__DESCRIPTION OF THE TASK__
Exactly as written, output each of the lines below, with no images.

__PROVIDED DATA__
-=-=-

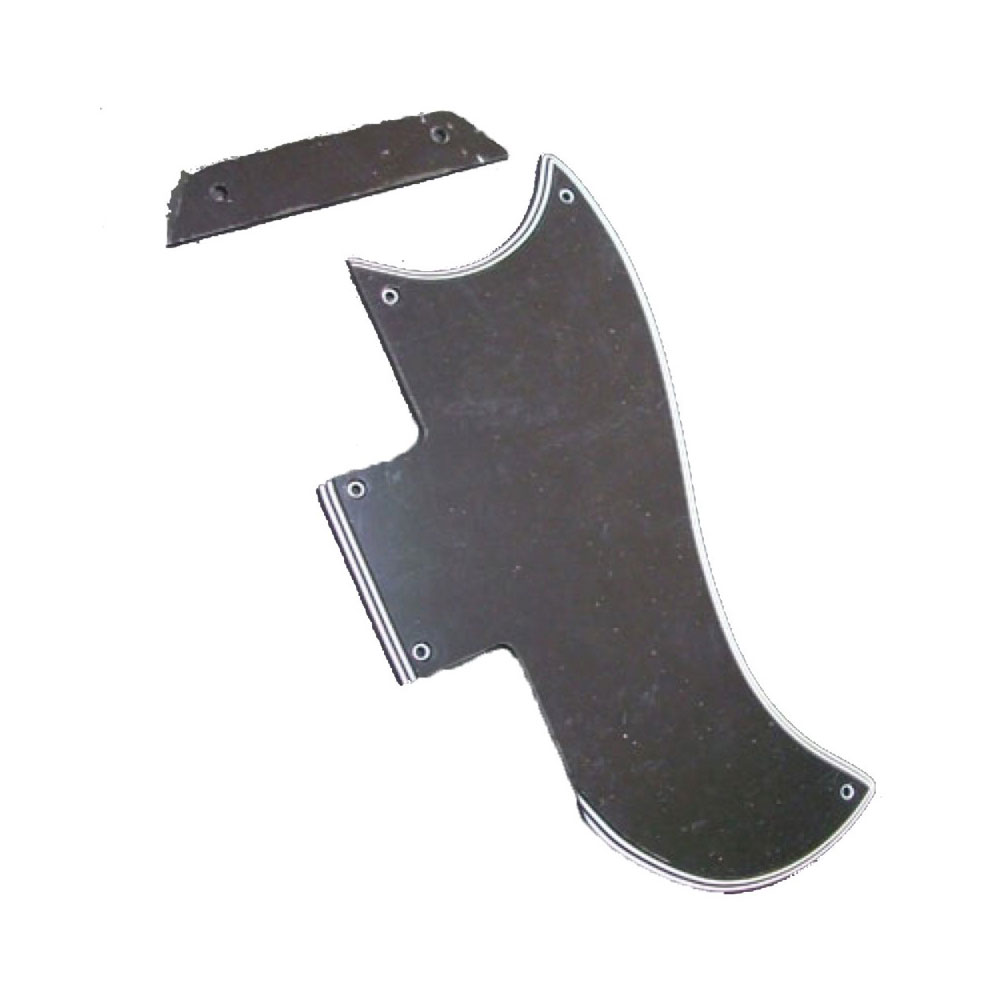 Montreux 61-62 LP/SG pickguard set plain Time Machine Collection No.1327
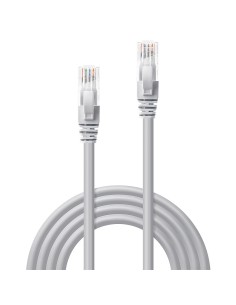 2m Cat.6 U/utp Cable  Grey 2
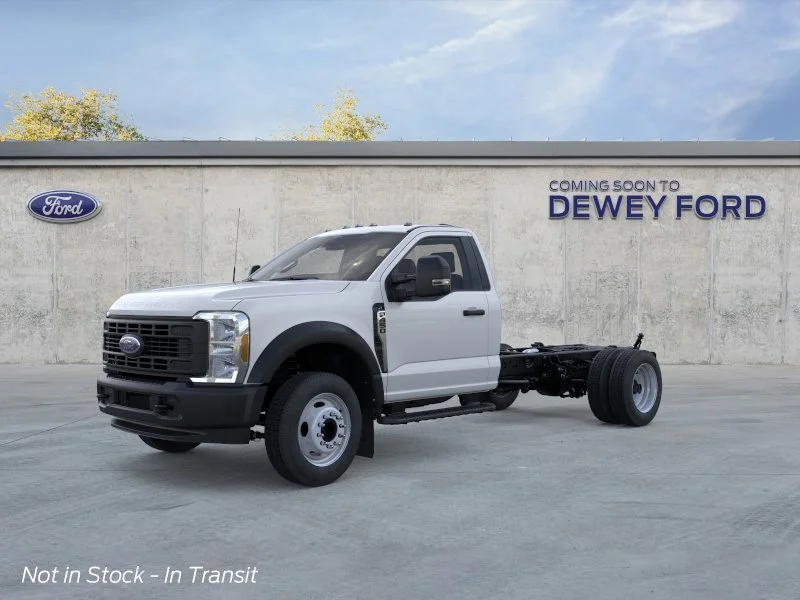 2026 Ford F-450 XL Regular Cab 169-In DRW's photo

-=-=-

__ANSWER TO THIS TASK__
 Montreux 61-62 LP/SG pickguard set plain Time Machine Collection No.1327
 2m Cat.6 U/utp Cable  Grey 2
 2026 Ford F-450 XL Regular Cab 169-In DRW's photo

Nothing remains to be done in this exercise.